## DATA TO EXAMINE
──────────

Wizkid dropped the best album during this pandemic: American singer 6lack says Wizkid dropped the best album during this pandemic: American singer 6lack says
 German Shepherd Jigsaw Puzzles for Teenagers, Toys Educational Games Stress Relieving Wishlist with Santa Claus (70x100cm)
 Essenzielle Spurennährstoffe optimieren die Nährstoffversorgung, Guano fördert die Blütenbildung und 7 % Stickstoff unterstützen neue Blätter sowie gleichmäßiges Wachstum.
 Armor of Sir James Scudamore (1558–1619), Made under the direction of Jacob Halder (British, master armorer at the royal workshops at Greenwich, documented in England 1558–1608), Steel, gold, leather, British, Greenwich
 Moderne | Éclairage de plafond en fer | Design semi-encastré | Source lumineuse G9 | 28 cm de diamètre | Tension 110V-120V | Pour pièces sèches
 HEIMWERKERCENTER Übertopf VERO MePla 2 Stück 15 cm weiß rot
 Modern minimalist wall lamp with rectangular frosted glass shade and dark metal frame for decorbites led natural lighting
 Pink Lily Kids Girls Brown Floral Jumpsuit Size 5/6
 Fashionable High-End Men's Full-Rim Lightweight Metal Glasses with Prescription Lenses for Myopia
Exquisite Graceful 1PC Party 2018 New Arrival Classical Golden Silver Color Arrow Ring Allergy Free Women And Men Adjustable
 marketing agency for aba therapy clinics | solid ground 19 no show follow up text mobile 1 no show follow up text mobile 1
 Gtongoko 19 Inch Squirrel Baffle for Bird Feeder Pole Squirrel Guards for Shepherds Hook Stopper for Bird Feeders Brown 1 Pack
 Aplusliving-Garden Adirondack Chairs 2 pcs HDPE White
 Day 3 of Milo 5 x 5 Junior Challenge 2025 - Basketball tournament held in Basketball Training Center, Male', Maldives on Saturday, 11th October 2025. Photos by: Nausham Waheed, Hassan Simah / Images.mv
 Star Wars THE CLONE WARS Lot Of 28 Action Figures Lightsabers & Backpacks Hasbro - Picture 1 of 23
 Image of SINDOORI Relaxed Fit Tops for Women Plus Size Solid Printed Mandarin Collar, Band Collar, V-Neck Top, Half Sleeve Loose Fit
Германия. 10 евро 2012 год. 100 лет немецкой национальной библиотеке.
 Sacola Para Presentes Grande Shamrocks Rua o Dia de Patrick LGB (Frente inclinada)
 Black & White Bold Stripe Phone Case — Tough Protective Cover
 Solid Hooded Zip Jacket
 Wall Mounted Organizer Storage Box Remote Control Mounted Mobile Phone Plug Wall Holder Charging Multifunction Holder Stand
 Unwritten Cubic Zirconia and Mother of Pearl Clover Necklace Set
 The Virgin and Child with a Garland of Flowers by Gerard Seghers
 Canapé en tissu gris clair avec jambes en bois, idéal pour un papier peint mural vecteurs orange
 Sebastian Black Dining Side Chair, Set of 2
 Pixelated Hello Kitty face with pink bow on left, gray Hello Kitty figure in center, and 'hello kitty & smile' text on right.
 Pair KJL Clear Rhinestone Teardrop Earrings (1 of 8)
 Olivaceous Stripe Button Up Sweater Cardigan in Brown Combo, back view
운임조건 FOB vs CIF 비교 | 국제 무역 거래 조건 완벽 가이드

──────────

## WORK TO BE COMPLETED
Retype the whole listing without changing anything.

## ANSWER FOR THE TASK
Wizkid dropped the best album during this pandemic: American singer 6lack says Wizkid dropped the best album during this pandemic: American singer 6lack says
 German Shepherd Jigsaw Puzzles for Teenagers, Toys Educational Games Stress Relieving Wishlist with Santa Claus (70x100cm)
 Essenzielle Spurennährstoffe optimieren die Nährstoffversorgung, Guano fördert die Blütenbildung und 7 % Stickstoff unterstützen neue Blätter sowie gleichmäßiges Wachstum.
 Armor of Sir James Scudamore (1558–1619), Made under the direction of Jacob Halder (British, master armorer at the royal workshops at Greenwich, documented in England 1558–1608), Steel, gold, leather, British, Greenwich
 Moderne | Éclairage de plafond en fer | Design semi-encastré | Source lumineuse G9 | 28 cm de diamètre | Tension 110V-120V | Pour pièces sèches
 HEIMWERKERCENTER Übertopf VERO MePla 2 Stück 15 cm weiß rot
 Modern minimalist wall lamp with rectangular frosted glass shade and dark metal frame for decorbites led natural lighting
 Pink Lily Kids Girls Brown Floral Jumpsuit Size 5/6
 Fashionable High-End Men's Full-Rim Lightweight Metal Glasses with Prescription Lenses for Myopia
Exquisite Graceful 1PC Party 2018 New Arrival Classical Golden Silver Color Arrow Ring Allergy Free Women And Men Adjustable
 marketing agency for aba therapy clinics | solid ground 19 no show follow up text mobile 1 no show follow up text mobile 1
 Gtongoko 19 Inch Squirrel Baffle for Bird Feeder Pole Squirrel Guards for Shepherds Hook Stopper for Bird Feeders Brown 1 Pack
 Aplusliving-Garden Adirondack Chairs 2 pcs HDPE White
 Day 3 of Milo 5 x 5 Junior Challenge 2025 - Basketball tournament held in Basketball Training Center, Male', Maldives on Saturday, 11th October 2025. Photos by: Nausham Waheed, Hassan Simah / Images.mv
 Star Wars THE CLONE WARS Lot Of 28 Action Figures Lightsabers & Backpacks Hasbro - Picture 1 of 23
 Image of SINDOORI Relaxed Fit Tops for Women Plus Size Solid Printed Mandarin Collar, Band Collar, V-Neck Top, Half Sleeve Loose Fit
Германия. 10 евро 2012 год. 100 лет немецкой национальной библиотеке.
 Sacola Para Presentes Grande Shamrocks Rua o Dia de Patrick LGB (Frente inclinada)
 Black & White Bold Stripe Phone Case — Tough Protective Cover
 Solid Hooded Zip Jacket
 Wall Mounted Organizer Storage Box Remote Control Mounted Mobile Phone Plug Wall Holder Charging Multifunction Holder Stand
 Unwritten Cubic Zirconia and Mother of Pearl Clover Necklace Set
 The Virgin and Child with a Garland of Flowers by Gerard Seghers
 Canapé en tissu gris clair avec jambes en bois, idéal pour un papier peint mural vecteurs orange
 Sebastian Black Dining Side Chair, Set of 2
 Pixelated Hello Kitty face with pink bow on left, gray Hello Kitty figure in center, and 'hello kitty & smile' text on right.
 Pair KJL Clear Rhinestone Teardrop Earrings (1 of 8)
 Olivaceous Stripe Button Up Sweater Cardigan in Brown Combo, back view
운임조건 FOB vs CIF 비교 | 국제 무역 거래 조건 완벽 가이드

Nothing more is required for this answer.